If we still don't hear, it may knock as double pneumonia. This lesson teaches us to be aware of love when it comes knocking on our door the very first time because it may come in disguise as death, or perhaps death is simply a disguise for love. Afterword, Montague's death continues to teach us lessons. It showed us that soul and body, spirit and earth are inextricably intertwined. It taught us that no experience lies outside the container of the womb of love, not even the finality of physical death. With this understanding, Church believes that there is nowhere he can go in life without feeling the angels with him.
He suggests that all we have to do is open our hearts and listen in each moment, and we will know that this is true. Appendix A: Grieving Rituals and Appendix B: Connecting With the Soul combine to help us get through our grief of death more effectively and can fulfill our purpose for coming to earth. Church's book can be read with profit regardless of one's beliefs, as long as one wants to see tragedy turned to victory. I agree with the publisher of this book that it is a most tender and informative book about expanding our concepts of life, love, and death. Church has written a very honest account of the death of a baby and of his struggle to come to terms with the finality of his loss. Church has successfully bridges the two worlds - the spiritual as well as the physical.

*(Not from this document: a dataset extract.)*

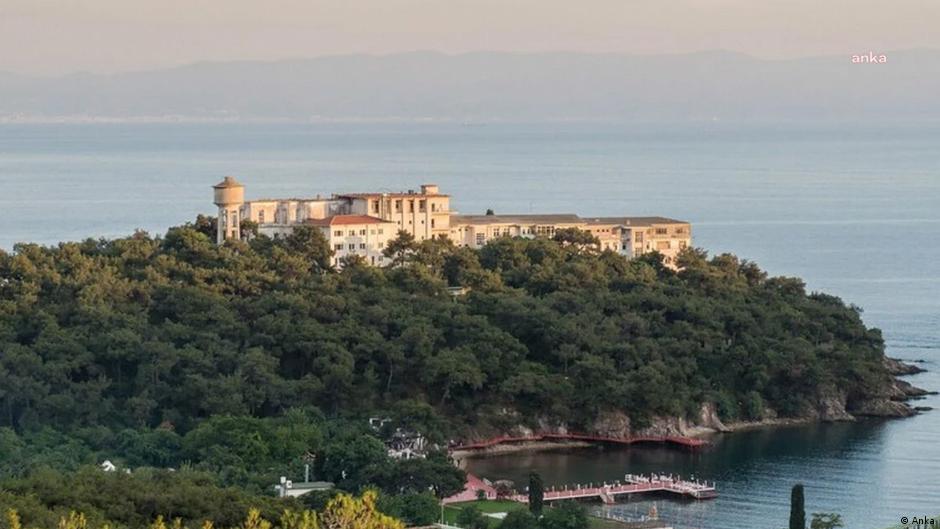Heybeliada Sanatoryumu yeniden Diyanet'e devrediliyor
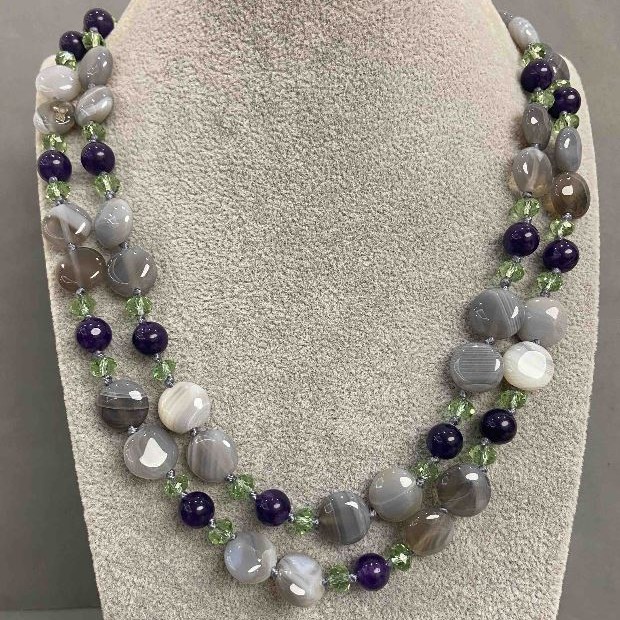 Necklace Botswana Agate coin 12mm± Amethyst smooth bead 8.5mm± length 68cm±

I believe that this book will grab readers by the heart through the author's deep moving account of how we learn to aware of love and how love can help us overcome death. Although this is a book about tragedy, but the author refuses to wallow in tragedy to create a bedrock of life-affirming joy. I would especially recommended this book to all couples, parents and parents-to-be because I believe it can help them create a loving family relationship.